▶ INPUT RECORDS:
*** Block opens ***

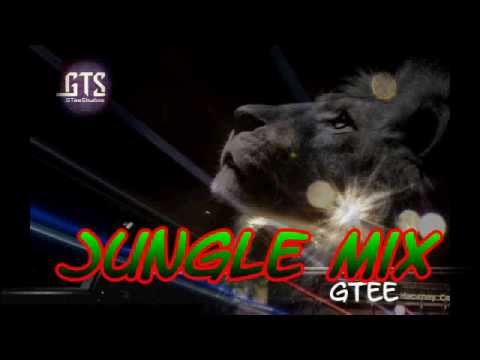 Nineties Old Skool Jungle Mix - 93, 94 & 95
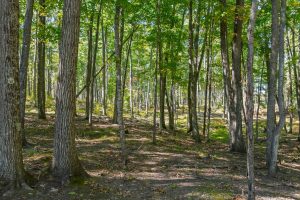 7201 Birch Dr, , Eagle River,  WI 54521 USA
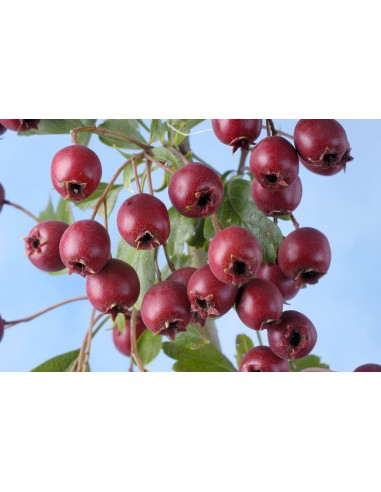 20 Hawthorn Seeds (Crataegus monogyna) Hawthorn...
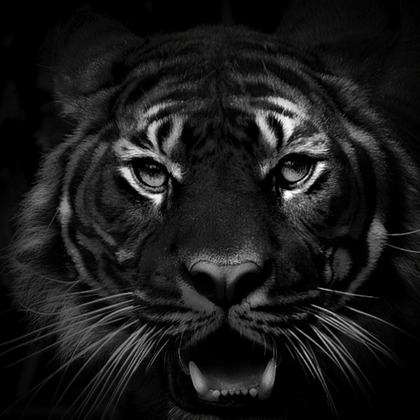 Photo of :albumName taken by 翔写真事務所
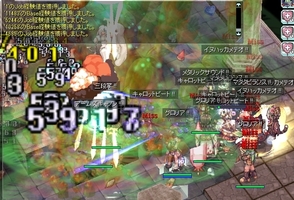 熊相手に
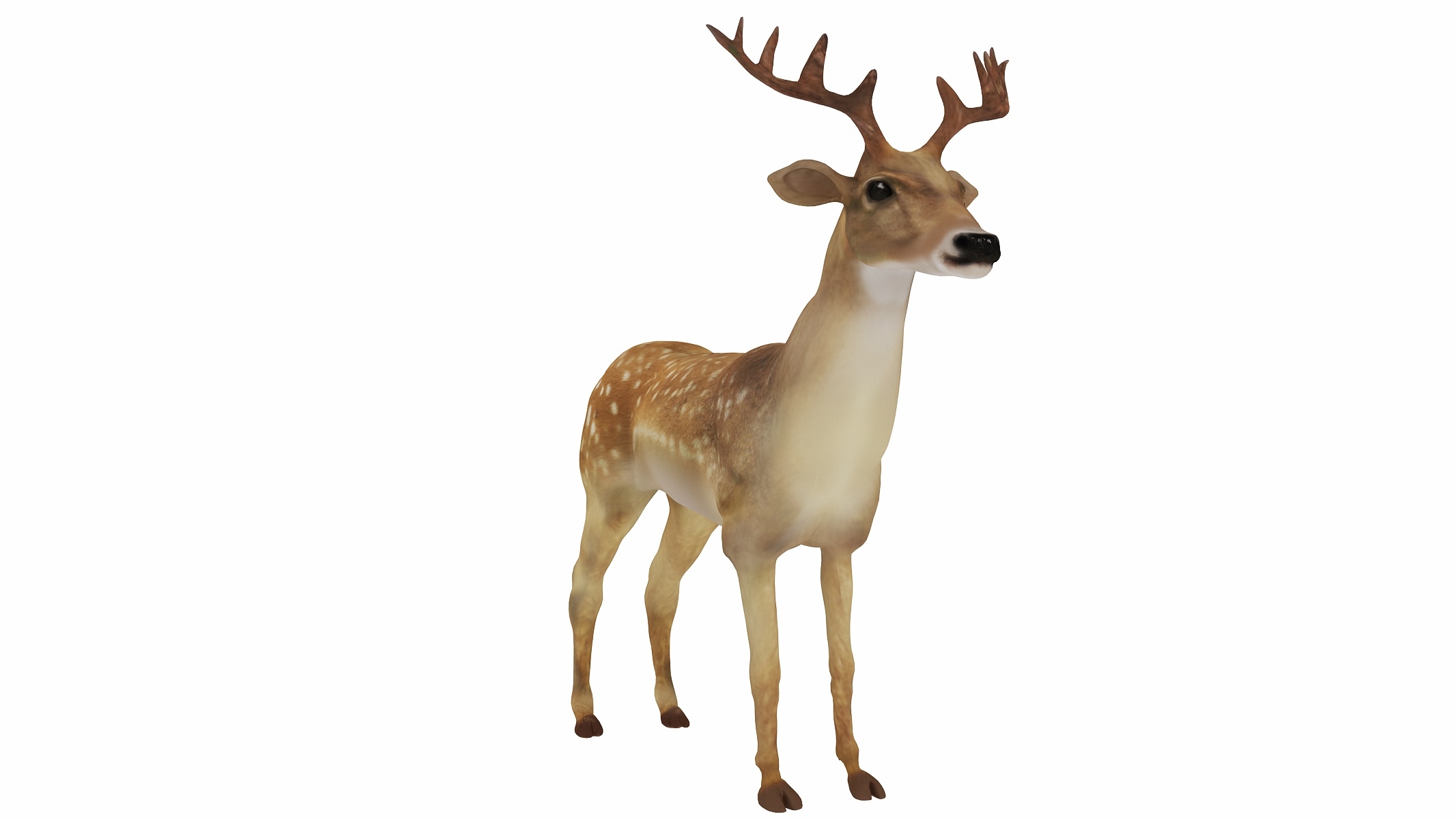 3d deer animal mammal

*** Block closes ***
*** Block opens ***

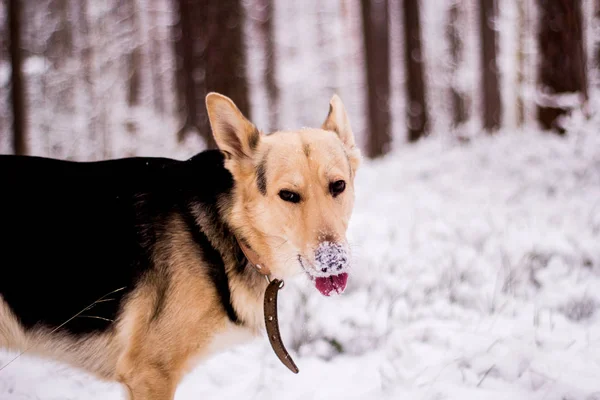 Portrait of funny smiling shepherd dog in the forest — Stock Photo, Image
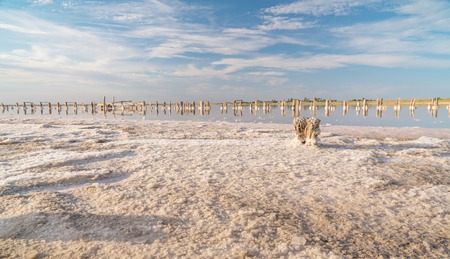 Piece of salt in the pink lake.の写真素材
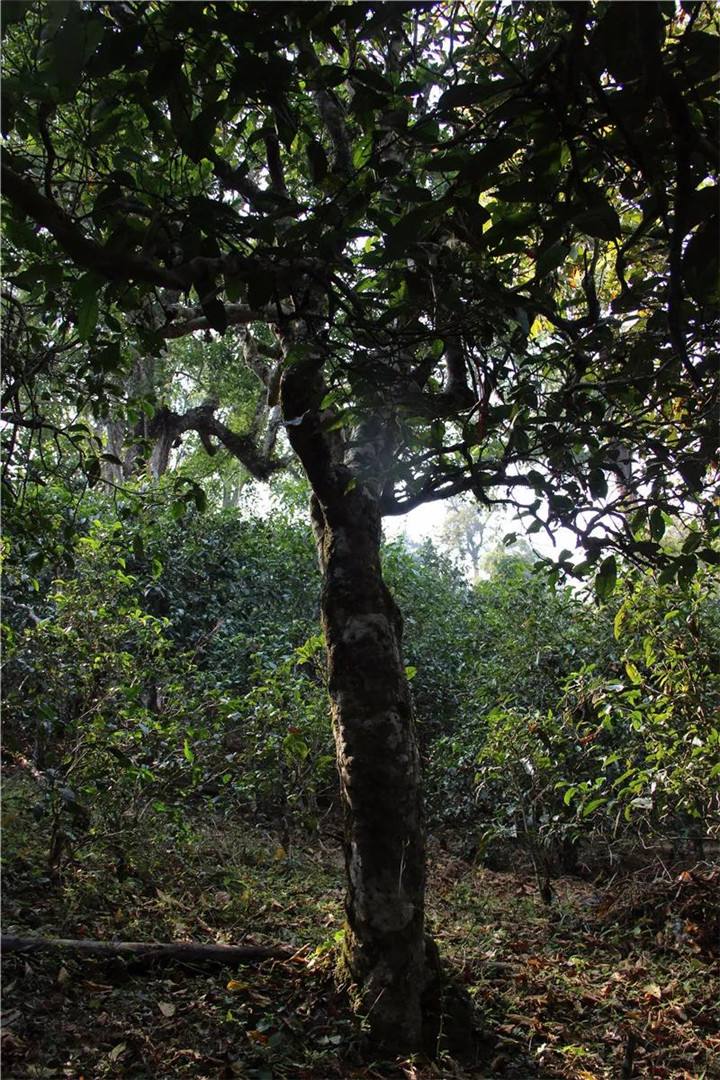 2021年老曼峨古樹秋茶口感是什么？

*** Block closes ***

▶ EXERCISE AIM: From the records above, copy exactly the stretch from the line holding "Nineties Old Skool Jungle Mix - 93, 94 & 95" through the line holding "3d deer animal mammal", both ends included, without the pictures.

▶ OUTPUT BELOW:
 Nineties Old Skool Jungle Mix - 93, 94 & 95
 7201 Birch Dr, , Eagle River,  WI 54521 USA
 20 Hawthorn Seeds (Crataegus monogyna) Hawthorn...
 Photo of :albumName taken by 翔写真事務所
 熊相手に
 3d deer animal mammal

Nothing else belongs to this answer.